Certo, insieme con il divieto di «pascere o far pascolare animali, domarli, addestrarli, ungerli, strigliarli, tosarli e ferrarli» che in via Montenapoleone suona surreale, si tratta di residui. Come i fiori sul fondo delle bottiglie di vino. Ma chi amministra non potrebbe preoccuparsi di dare una ripulita, oltre ai parchi, anche a certe leggi comunali spesso più indecorose di un giardino trascurato? «E' una vergogna: il sindaco di Vicenza e tutti gli altri dovrebbero usare meglio le parole, che mai come in questi casi sono pietre», accusa Pietro Barbieri, presidente della «Fish», la Federazione italiana per il superamento dell'handicap che raggruppa una trentina di associazioni, «Non esistono malattie "ributtanti". E' un concetto vergognoso. Non esistono nel pilota Alex Zanardi, che ha perso le gambe in gara, e non esistono nel mendicante. Un conto è colpire chi sfrutta il portatore di handicap sui marciapiedi, un altro usare parole così. Si vergognino, lui e gli altri. E il vecchio che sbava? E il bimbo down? Turbano anche loro il decoro cittadino? C'è dietro un'idea della "normalità" che mette spavento. Di questo passo si torna alla Rupe Tarpea...». Oppure, per non andare indietro fino al dio zoppo Efesto o a Polifemo dall'occhio solo, a un'idea dell'handicap come «scherzo mostruoso della natura», frutto d'una punizione dei peccatori. Dove i gobbi e i dementi dovevano le loro sofferenze alla madre «che troppo a lungo rimase seduta durante la gravidanza». Dove la Taxa Camerae di Leone X stabiliva che «i laici contraffatti o deformi che vogliano ricevere ordini sacri e possedere benefici, pagheranno alla cancelleria apostolica 58 libbre, 2 soldi».

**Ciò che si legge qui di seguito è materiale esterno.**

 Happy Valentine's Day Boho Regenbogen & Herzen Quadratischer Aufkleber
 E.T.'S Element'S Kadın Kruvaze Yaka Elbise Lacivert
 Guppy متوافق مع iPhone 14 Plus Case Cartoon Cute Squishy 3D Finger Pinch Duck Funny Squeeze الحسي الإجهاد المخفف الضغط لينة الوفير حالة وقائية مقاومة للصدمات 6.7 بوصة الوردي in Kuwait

Dove Caterina de' Medici si vantava di possedere sei nani, Re Sigismondo di Polonia nove e il cardinale Vitelli 39. Dove il povero John Merrick, che aveva avuto la testa schiacciata mentre ancora era nel grembo della mamma finita sotto un elefante, veniva trascinato per l'Inghilterra vittoriana come un fenomeno da circo: «Elephant Man». Per non parlare dell'«orrore spettacolare» che Phineas Taylor Barnum sollevava portando in giro la donna barbuta e la bambina coi mustacchi, la gigantessa Anna Swan e i due «selvaggi australiani» che in verità erano microcefali dell'Ohio. Tutti deformi, tutti «ributtanti».

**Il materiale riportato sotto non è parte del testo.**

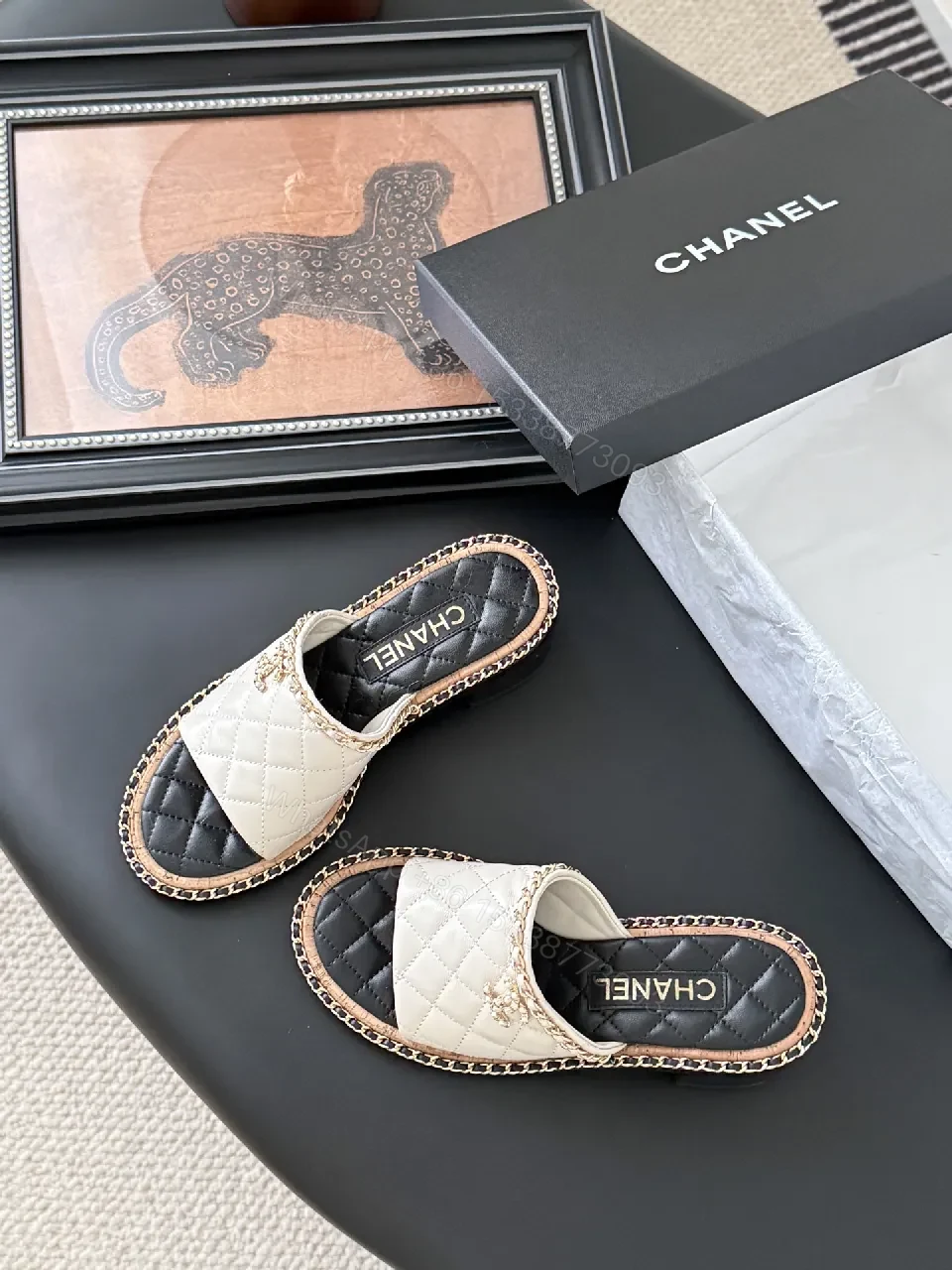 View 8 of Quilted Mule with Chain Trim – Luxury Comfort Slide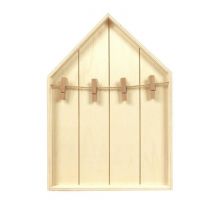 Etagère Maison En Bois Avec Pinces À Linge 19 X 28 Cm - Graine Creative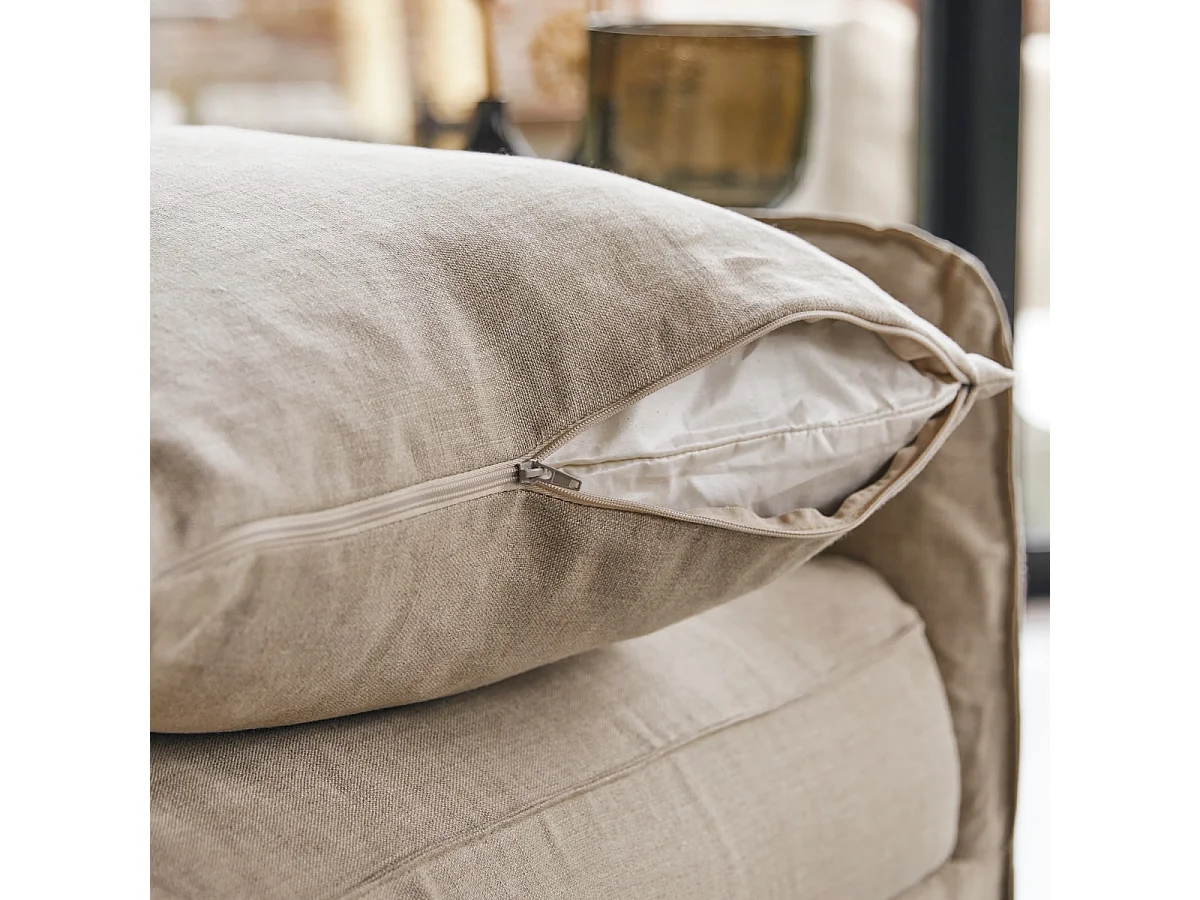 Divano in lino naturale Ariane, 3 posti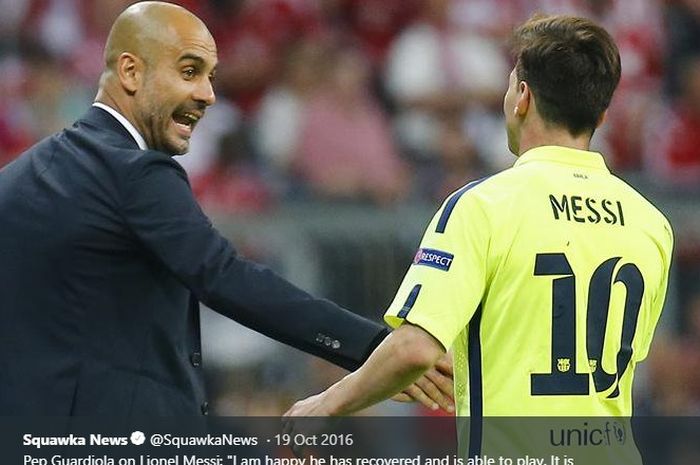 Pep Guardiola dan Lionel Messi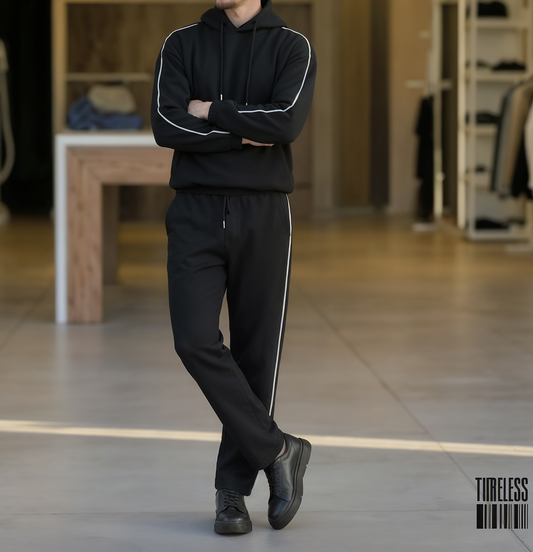 Men's Black Tracksuit with White Accent Piping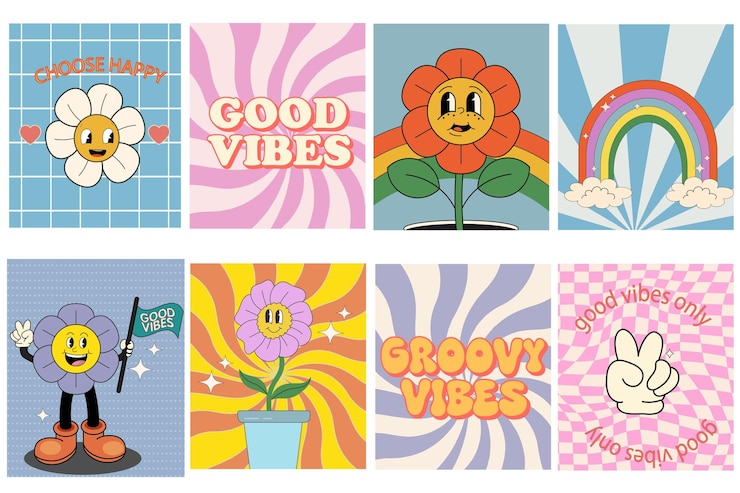 Vector groovy hippie 70s set dibujos animados divertidos flor arco iris paz amor corazón margarita hongo, etc.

Ma più ancora, vale la pena forse di ricordare a Hullweck e ai suoi colleghi tre brani che non riguardano i «soggetti appartenenti a varie nazionalità» di cui parla il sindaco vicentino nella sua ordinanza. Il primo è di Charles Dickens su Pisa, città di mendicanti dove ogni «sfortunato visitatore» era «circondato e assalito da mucchi di stracci e di corpi deformi». Il secondo della rivista americana Leslie's Illustrated del 1901: «C'è una gran quantità di malattie organiche in Italia e molte deformazioni, molti zoppi e ciechi, molti con gli occhi malati. Questi, da bambini, prima di essere abbastanza vecchi da barattare le proprie afflizioni, vengono esibiti dai loro genitori o parenti per attirare la pietà e l'elemosina dei passanti». Il terzo è del New York Times : «Tra i passeggeri di terza classe del "Vatorland" c'erano ieri 200 italiani, che il sovrintendente Jackson definì la parte più lurida e miserabile di esseri umani mai sbarcati a Castle Garden. Mentre sfilavano a terra il personale rabbrividiva alla vista di un oggetto spaventosamente deforme che zoppicava su tutti e quattro gli arti come un cane. Le dita di entrambe le mani erano contorte in modo impressionante ed erano coperte di bitorzoli. Le gambe erano senza forma e corte in maniera anormale, una più lunga dell'altra e una era interamente paralizzata». Una visione dell'handicap davvero «ributtante». Era il 1879. Più di un secolo dopo, nell'Anno del disabile tanto strombazzato, li vogliamo cambiare questi regolamenti?